For each $b \in B$, write $n(b)$ for the number of pairs $(x,y) \in A\times A$ such that $\frac{x}{y}=b$. Now, pick an arbitrary $b \in B$. There are $n(b)$ pairs $\left(x_1,y_1\right)$, $\left(x_2,y_2\right)$, $\ldots$, $\left(x_{n(b)},y_{n(b)}\right)$ of elements in $A$ whose ratios $\frac{x_i}{y_i}$'s are all equal to $b$. Write $Y(b)$ for the set \[\big\{\left(ax_i,ay_i\right)|a \in A\text{ and }i=1,2,\ldots,n(b)\big\}\,.\] Trivially, $\big|Y(b)\big| \geq |A|$ and the $Y(b)$'s are disjoint. Ergo, using $\bigcup_{b \in B} Y(b) \subseteq C \times C$, we conclude that \begin{align*} |C|^2 = |C \times C| &\geq \left|\bigcup_{b \in B} Y(b) \right| = \sum_{b \in B} \big|Y(b)\big| \\ &\geq \sum_{b \in B} |A|= |A| \cdot |B|\,. \end{align*} The above inequality becomes an equality if and only if $|A|=1$. A stronger inequality is $|C|^2 \geq |A|\cdot|B|+2|A|^2-|A|-|B|$. The equality holds only when elements of $A$ form a geometric progression, where $|B|=|C|=2|A|-1$. To prove this inequality, we start with showing that $Y(b)$ has at least $|A|+n(b)-1$ elements. Next, we must show that $(C \times C) \setminus \left(\bigcup_{b \in B} Y(b)\right)$ contains at least $|A|^2-|A|$ elements. Finally, using $\sum_{b\in B} n(b) = |A|^2$, we arrive at the conclusion.

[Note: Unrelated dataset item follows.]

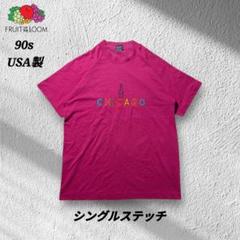 90sUSA製FRUITOFTHELOOM半袖TシャツシングルステッチピンクL
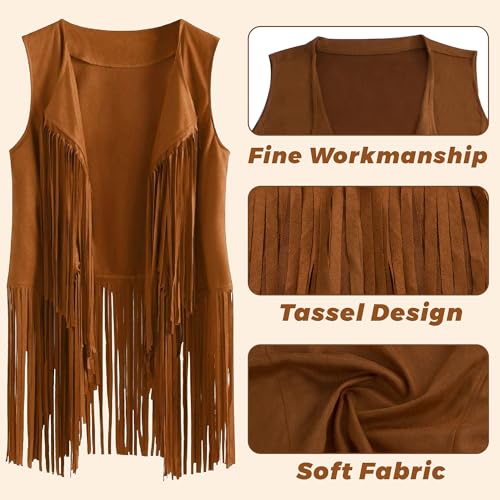 FEYIR 60s 70s Outfit for Women Hippy Accessories Fringe Hippie Vest Clothes for Halloween Disco Party Hippie Costume Set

For $b\in B$, let $b=x(b)/y(b)$ with $x(b),y(b)\in A$ be the representation of $b$ for which $x(b)$ is smallest. Construct a function $f:A\times B\to C\times C$ by defining for $(a,b)\in A\times B$ \[ f(a,b) ~=~ (a\cdot x(b),~ a\cdot y(b)). \] We show that $f$ is injective (which implies the desired inequality): Consider $(a_1,b_1)$ and $(a_2,b_2)$ in $A\times B$ with $f(a_1,b_1)=f(a_2,b_2)$. Then $a_1\cdot x(b_1)=a_2\cdot x(b_2)$ and $a_1\cdot y(b_1)=a_2\cdot y(b_2)$. Division yields $x(b_1)/y(b_1)=x(b_2)/y(b_2)$, and thus $b_1=b_2$. Then $a_1\cdot x(b_1)=a_2\cdot x(b_2)$ yields $a_1=a_2$. Hence $(a_1,b_1)=(a_2,b_2)$, and $f$ is indeed injective.